My wife's grandfather again, the same grandfather who irritated the family so with his incessant chatter of joining Jesus in heaven had another especially irritating characteristic. He acted on his expectations, as if the kingdom were already here. He was utterly unconcerned for the things of this world. The family gave him a gold watch for his birthday. He promptly gave it away to a beggar on the streets-said nobody needed a watch in heaven. They sent him money every month to supplement his pitiful little church pension. He sent it to the missionaries. They bought him a new felt hat for Christmas. First Sunday he wore it to church he sat on it all the way home in the car. When reminded of how much the hat cost and chastised for his carelessness, Granddaddy simply shrugged and allowed as how nobody would know the difference in a hundred years-and, besides, who needs a hat in heaven-which really did not help much at the moment, though I think the family understands better now.

Our behavior is inevitably shaped by the one for whom we wait, for there is a sense in which even as we live out our days in the interim, we already possess and are possessed by the one for whom we wait.

Karen, a student at Union Theological Seminary, was living and studying in New York City while her newly lawyered husband had gone to work for a law firm in Harrisburg. They saw each other only on weekends. In homiletics class, Karen described what her Fridays were like when John came into Pennsylvania Station on the train in time for supper. "I usually get up early on Friday to clean the apartment before coming up here to school," she said. "Then, after classes, I make a kind of safari down Broadway. I stop for groceries, pick up a bottle of wine, stop at a favorite flower stall for fresh flowers, and when I get home, I have just enough time to get myself and supper ready. Then John comes." Only Karen went on to add, "The funny thing about it is that from morning until he arrives, I have this strange feeling that he is already with me...not really...but really.

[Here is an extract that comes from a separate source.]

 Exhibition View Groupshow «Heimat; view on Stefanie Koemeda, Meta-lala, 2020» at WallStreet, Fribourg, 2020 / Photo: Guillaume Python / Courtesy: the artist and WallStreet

In Advent the one for whom we wait is already here shaping and giving substance and hope to our lives. Not really..but really.

Let us pray.

We confess, O God, we are not very good at waiting. Yet your eternal message to us is to wait and to watch and to hope with anticipation. Teach us anew this Advent the wisdom of waiting, of trusting that those who wait already possess in part that for which we wait. And so, O God, even as we wait for your appearance among us, open our awareness to your already presence among us in the person of other people, in the poetry and the music of these days, and the Christmas stories, in your quiet unseen spirit that dwells constantly in our midst, seeking to break through our panic with your peace, trying to convince us that the true joy of the season is found ultimately in our faith and in the lives of those with whom we share it. So inspire us, we pray, by your spirit this season to sense anew in the signs and the sounds of this Christmas celebration your special word of hope and anticipation for our world. Through Christ our Lord. Amen.